Una condanna definitiva e una nuova coda processuale per l'omicidio di Stefano D'Arca, il 54enne ucciso la notte dell'8 marzo 2019 a pochi metri dal Bar Moka di Crotone, in viale Regina Margherita, con sette colpi da una pistola "Beretta" calibro 7.65 esplosi dall'82enne Francesco Pezziniti.
Così ha deciso ieri la prima sezione penale della Cassazione che da un lato ha reso irrevocabili i 15 anni e 7 mesi di carcere inflitti all'anziano imputato, il 18 maggio 2023, dalla Corte d'Assise d'Appello di Catanzaro. Mentre dall'altro ha annullato con rinvio ad altra sezione dell’Assise d’Appello, la pena a 10 anni e 8 mesi di reclusione comminati a Giuseppe Cortese, il 34enne nipote di Pezziniti, in merito all'accusa di concorso anomalo in omicidio. Per quest'ultimo quindi ci sarà un ulteriore giudizio di secondo grado.

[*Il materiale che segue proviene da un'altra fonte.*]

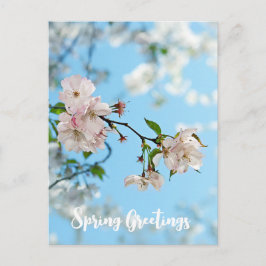 Spring Is in the Air - Postkarte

L'assassinio di D'Arca venne definito dai giudici dell'Appello non come «una legittima difesa» da parte di Pezziniti, bensì un'«evidente sproporzione» tra «l'offesa arrecata» dalla vittima e «la reazione» dell'82enne. Il delitto di sangue si consumò pochi minuti dopo la mezzanotte, quando la vittima si recò al Bar Moka con modi aggressivi e violenti. Il 54enne prima iniziò a litigare con Cortese, per poi cominciare a prendere a calci e a pugni il bancone dell’attività commerciale. Ma «la reazione» di Pezziniti - stabilirono i giudici dell'Appello - fu «perpetrata nei confronti di un soggetto disarmato, che aveva preso di mira solo cose e oggetti, e che, peraltro, aveva ormai abbandonato il bar, sui cui arredi aveva canalizzato la sua furia».